#### [Data section]

#####

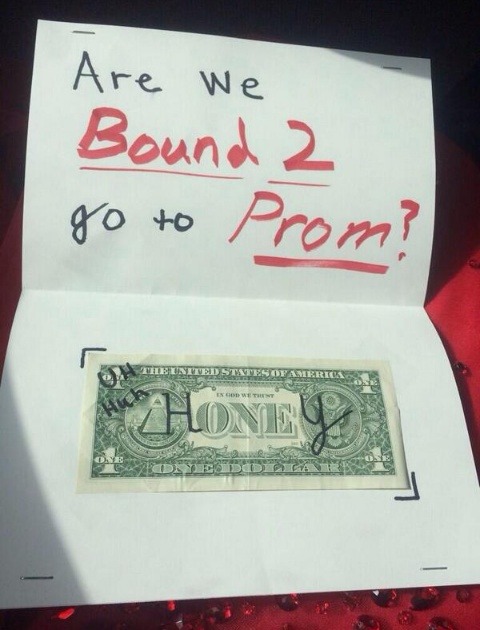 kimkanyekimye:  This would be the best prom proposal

#####

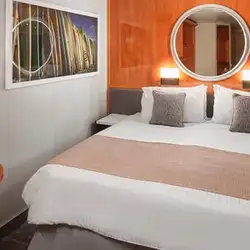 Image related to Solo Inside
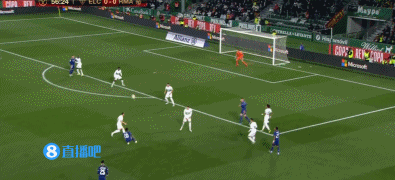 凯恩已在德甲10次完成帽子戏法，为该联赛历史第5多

#####

Copy the entries above exactly, but only the stretch from the line containing "Image related to Solo Inside" through the line containing "凯恩已在德甲10次完成帽子戏法，为该联赛历史第5多". Keep both end lines; drop the pictures.

 Image related to Solo Inside
 凯恩已在德甲10次完成帽子戏法，为该联赛历史第5多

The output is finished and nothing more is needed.